_ASSIGNMENT_.
Please output the entries that follow exactly, without a single image.

_DATA_.

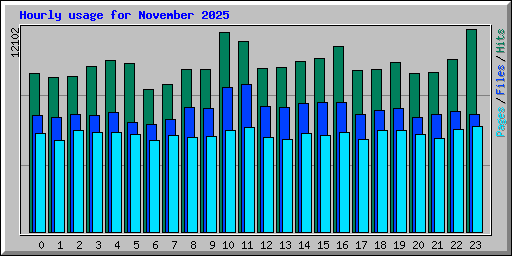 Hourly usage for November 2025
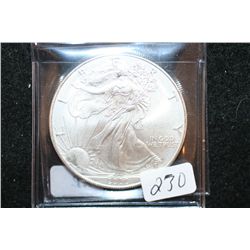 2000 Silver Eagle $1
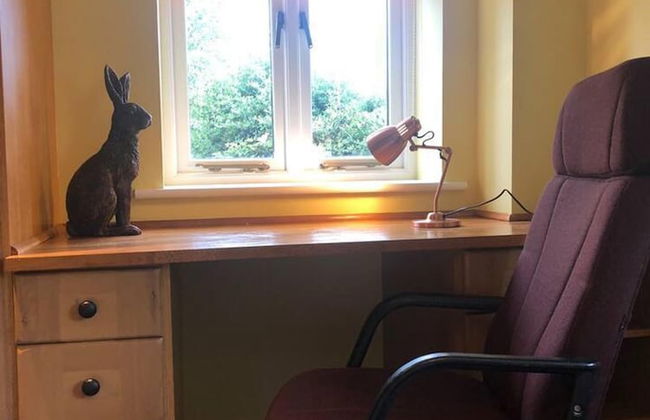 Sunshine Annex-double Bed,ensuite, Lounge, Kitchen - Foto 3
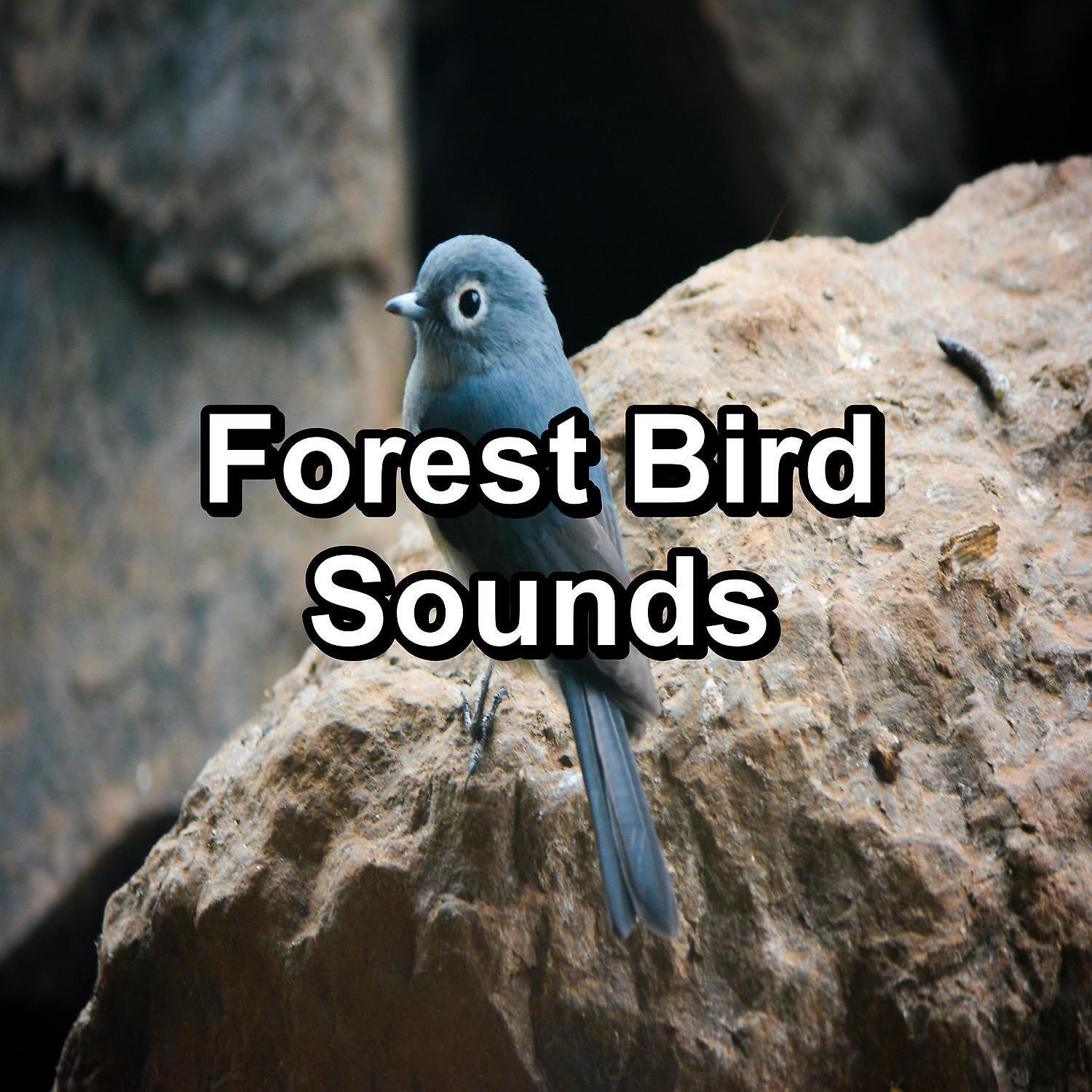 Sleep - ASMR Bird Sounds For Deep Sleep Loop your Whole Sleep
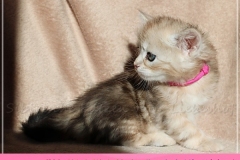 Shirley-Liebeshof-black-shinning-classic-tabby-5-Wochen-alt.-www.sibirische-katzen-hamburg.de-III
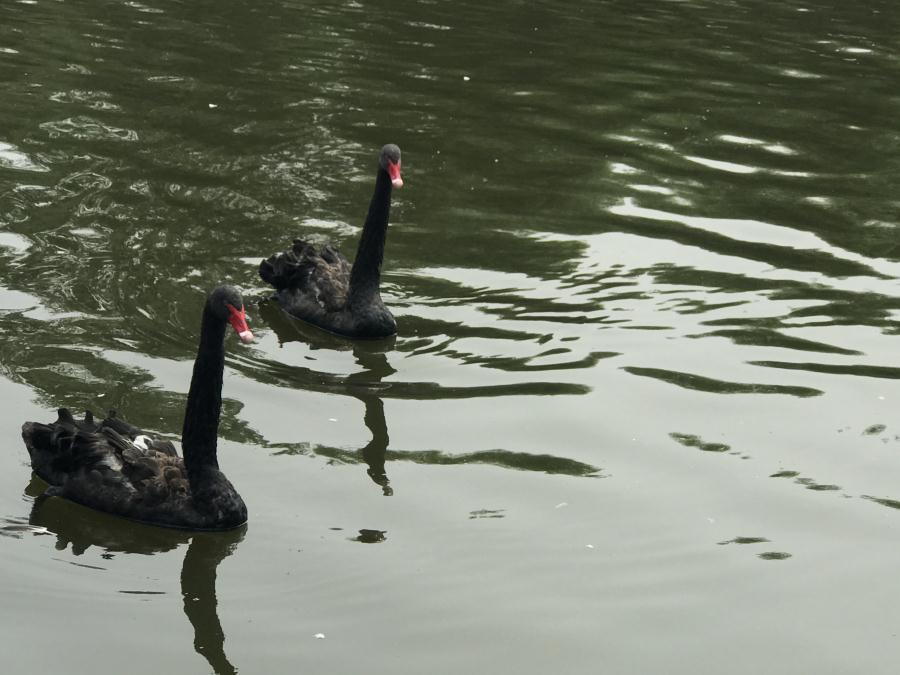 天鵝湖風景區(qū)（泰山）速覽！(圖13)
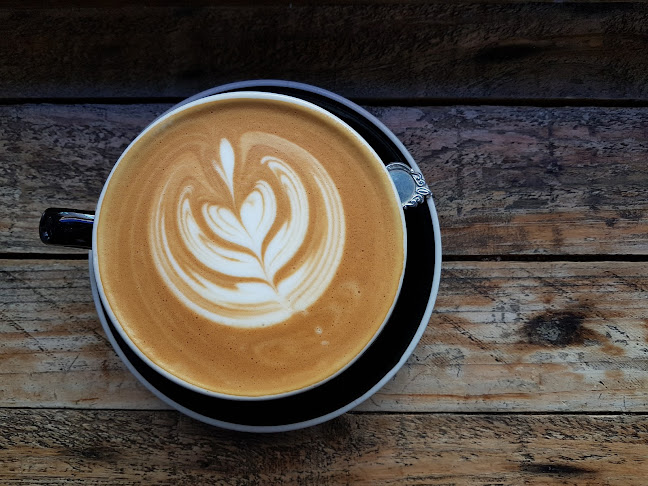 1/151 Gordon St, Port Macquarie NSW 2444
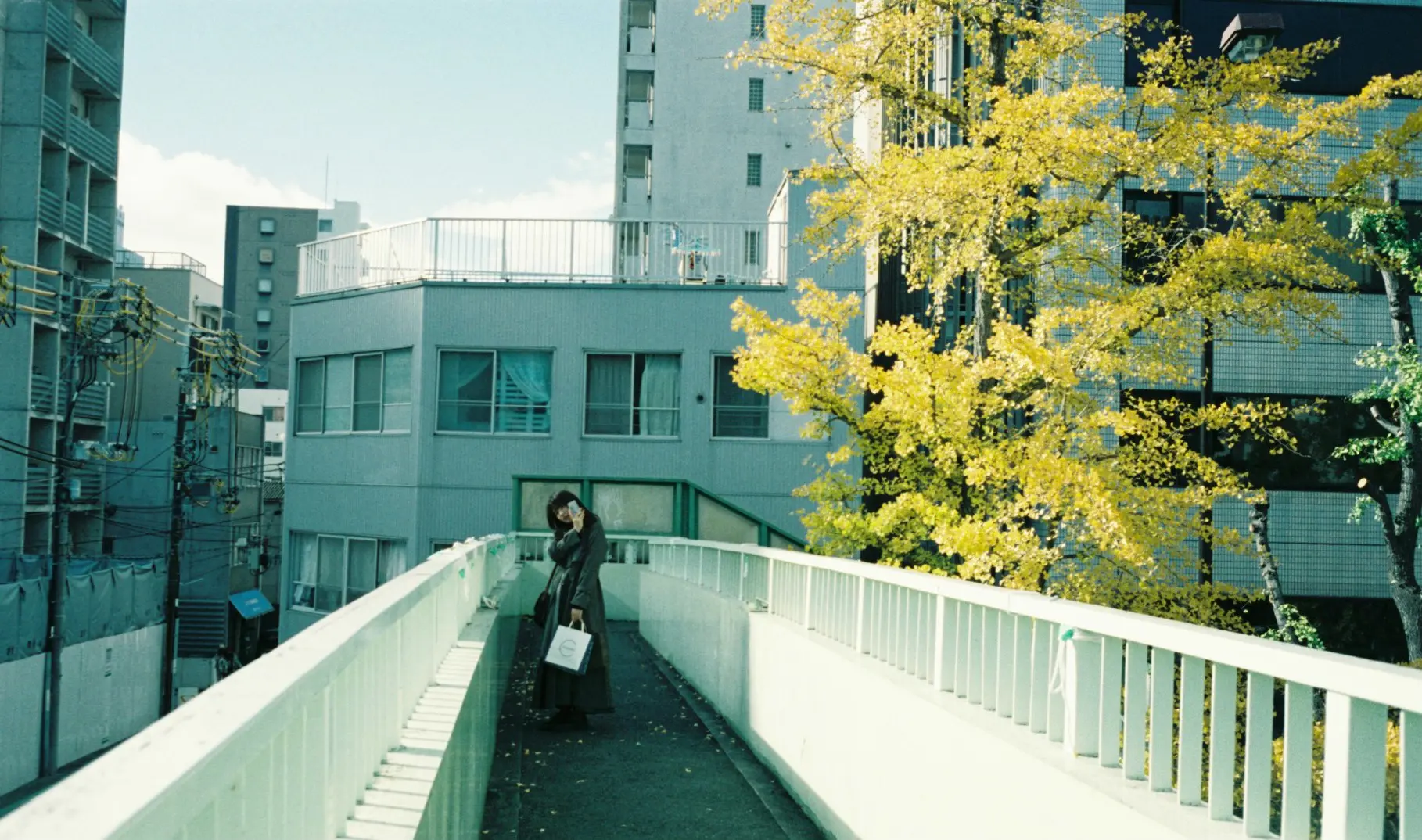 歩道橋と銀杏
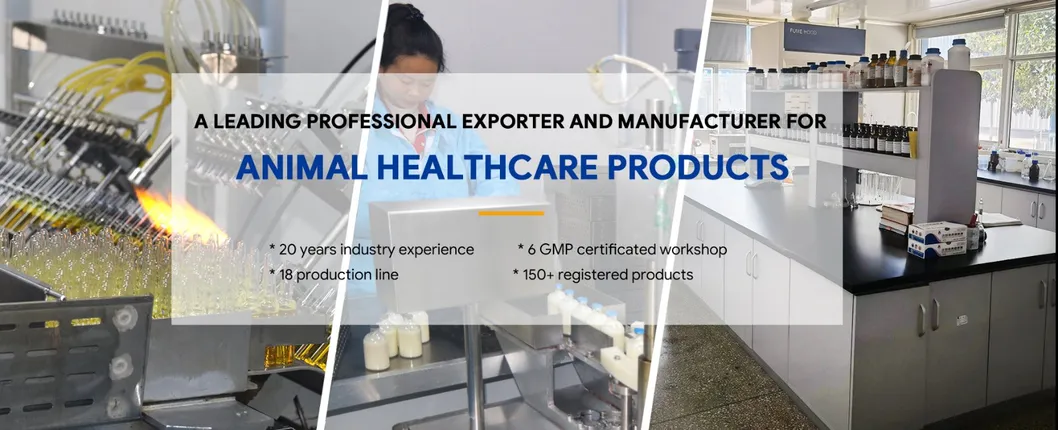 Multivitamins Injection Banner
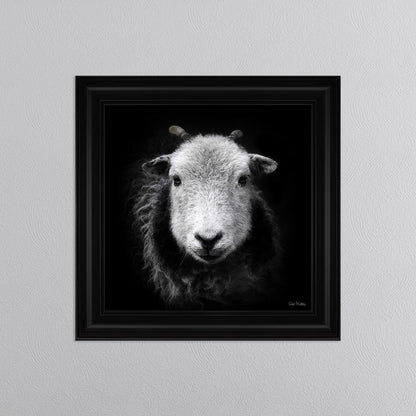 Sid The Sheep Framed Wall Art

_WRITTEN RESPONSE_.
 Hourly usage for November 2025
 2000 Silver Eagle $1
 Sunshine Annex-double Bed,ensuite, Lounge, Kitchen - Foto 3
 Sleep - ASMR Bird Sounds For Deep Sleep Loop your Whole Sleep
 Shirley-Liebeshof-black-shinning-classic-tabby-5-Wochen-alt.-www.sibirische-katzen-hamburg.de-III
 天鵝湖風景區(qū)（泰山）速覽！(圖13)
 1/151 Gordon St, Port Macquarie NSW 2444
 歩道橋と銀杏
 Multivitamins Injection Banner
 Sid The Sheep Framed Wall Art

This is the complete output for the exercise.